Indépendance de la Casamance Jean-Marie François Biagui met les pieds dans le plat | Ligne Directe, site d'informations

Ancien secrétaire général du Mouvement des forces démocratiques de Casamance (MFDC) qui mène une lutte armée pour l’indépendance de la région sud du Sénégal, Jean-Marie François Biagui jette un véritable pavé dans la mare de la revendication indépendantiste. Dans une correspondance, Jean-Marie François Biagui affirme sans détour que le serment prêté au MFDC au moment de la création de la rébellion et principalement de son maquis, n’a jamais existé. Or, c’est ce serment qui semble donner de la légitimité à la réclamation indépendantiste. Indépendance de la Casamance

A la base de ce “serment”, dit-on, il y aurait un “contrat de communauté” entre le Sénégal et la Casamance, qui arriverait à échéance en 1980, au terme d’une durée “contractuelle” de vingt ans. Le nom du défunt Emile Badiane, ancien membre du MFDC originel ancien et ministre sous Senghor a souvent été cité comme signataire de ce contrat pour la partie casamançaise. Et, selon les tenants de cette thèse, la Casamance aurait le droit de ne pas renouveler son engagement “contractuel”, en dépit du veto sénégalais. Le pacte aurait été consolidé dans le ‘’bois sacré’’…

Mais l’ancien secrétaire général de la rébellion casamançaise est catégorique : “Dieu sait – les ancêtres casamançais et sénégalais le savaient aussi, tout comme de nos jours nos contemporains – qu’un tel “contrat de communauté” n’a jamais existé. Un véritable coup de pied dans la fourmilière des convictions rebelles et de la ligne dure du maquis. Car c’est sur la base de l’existence supposée de ce document dont l’Abbé Diamacoune aurait été le dépositaire que beaucoup de combattants ont rejoint le maquis en étant convaincus que le prêtre rebelle ne pouvait que dire la vérité.

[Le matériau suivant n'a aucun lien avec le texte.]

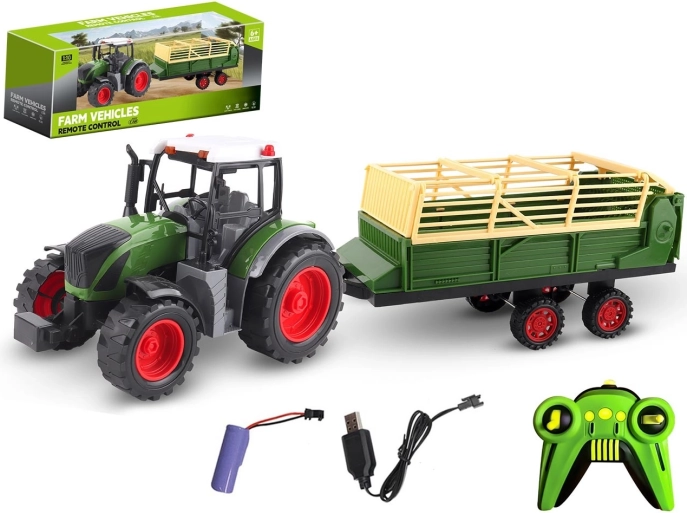 Tractor cu telecomandă și remorcă cu încărcare USB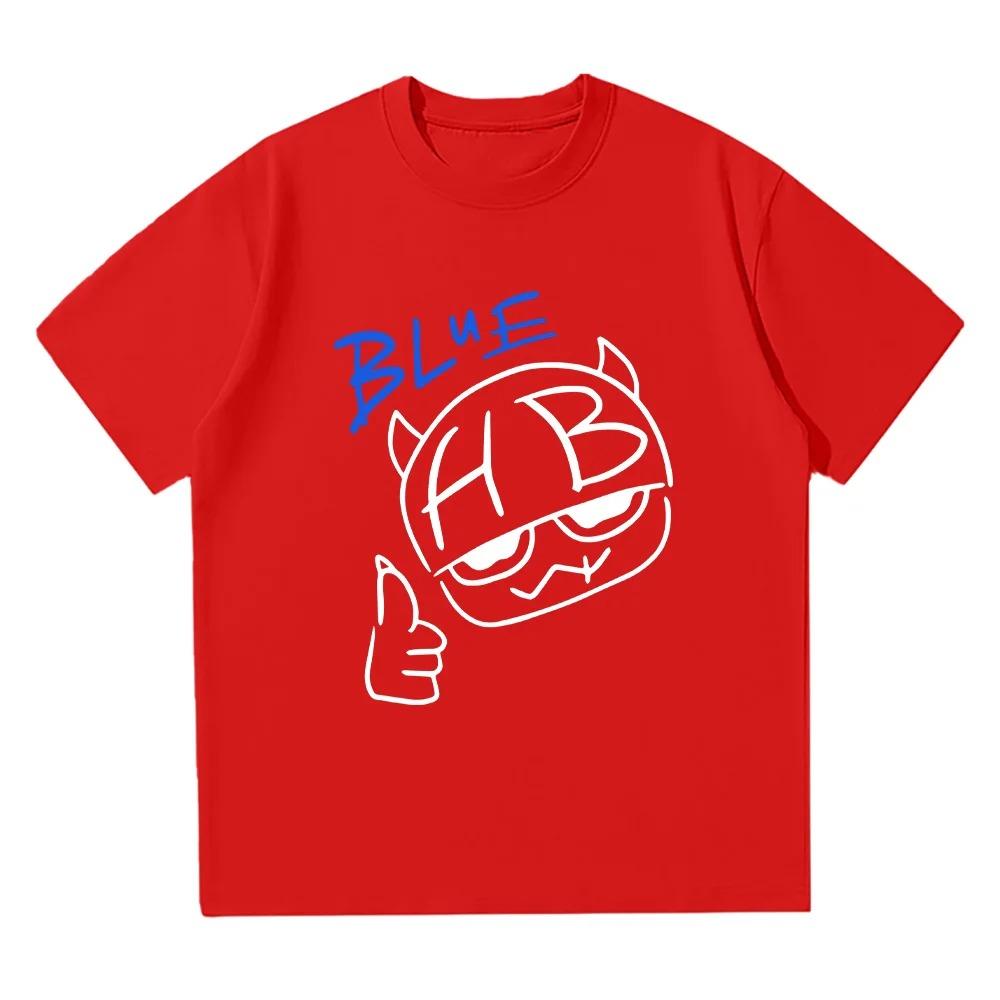Hannah Bahng Modré HB Tričko Pánské Dámské Bavlna Kvalita Trička s Krátkým Rukávem Pánská Móda Kreslená Grafika Nadměrné Vysoce Kvalitní Měkké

Or Jean Marie-François Biagui va plus loin et affirme qu’à l’image de ce contrat qui n’a jamais existé, le “serment” attribué à l’abbé Diamacoune et à ses compagnons qui l’auraient fait jadis, au nom du Peuple casamançais, quand ils fondèrent ou, plus exactement, quand ils donnèrent leur bénédiction pour la création de ce qui est devenu depuis le “maquis casamançais” n’est qu’une vue de l’esprit.

A la vérité, affirme l’ancien chef rebelle, les deux “serments” ont bon dos et ne sont rien moins que l’expression la plus pathétique et la plus éloquente de ce que nous concevons comme une démission politique, individuelle et collective, dans la douloureuse gestion du conflit en Casamance. Car, souligne Jean-Marie François Biagui pour s’en désoler, “Il se trouve toutefois des individus, souvent malintentionnés, quelques fois bien-pensants, pour affirmer que le retour de la paix durable en Casamance est une vue d’esprit et qu’il le restera aussi longtemps que la Casamance ne daignera se délier de ce “serment”. Les plus intrépides vont même jusqu’à suggérer que la Casamance serait frappée de cette fatalité, ou de cette malédiction, qui voudrait que la paix que tout le monde appelle de ses vœux ne puisse jamais y prévaloir, au motif que les auteurs et autres initiateurs du “serment” seraient tous ou presque tous morts”, ce qui est totalement faux, regrette M. Biagui.

Expliquant que “l’abbé Diamacoune n’a pas pu naître indépendantiste. Pas plus d’ailleurs qu’aucun autre Casamançais, ni avant ni après lui”, Jean Marie François Biagui se dit persuadé que “le problème sénégalais en Casamance n’est ni culturel, encore moins cultuel. De même qu’il ne saurait être comme un arbre mythique dont les racines s’enfonceraient dans les profondeurs abyssales de la terre casamançaise, pour devoir alors s’épanouir à la faveur d’on ne sait quelle forme de mysticisme casamançais”. Pour l’ancien chef rebelle, il s’agit d’un problème éminemment politique et institutionnel.

“Politique, parce que la revendication de l’indépendance de la Casamance est fondamentalement un acte politique. Et institutionnel, parce que, y apporter une réponse en guise de solution de sortie de crise, doit nécessairement participer d’un processus de profonde refondation de l’Etat et de la République. Ça n’est d’ailleurs pas un hasard si de nos jours l’on évoque à souhait la nécessité de réforme institutionnelle au Sénégal”, conclut M. Biagui.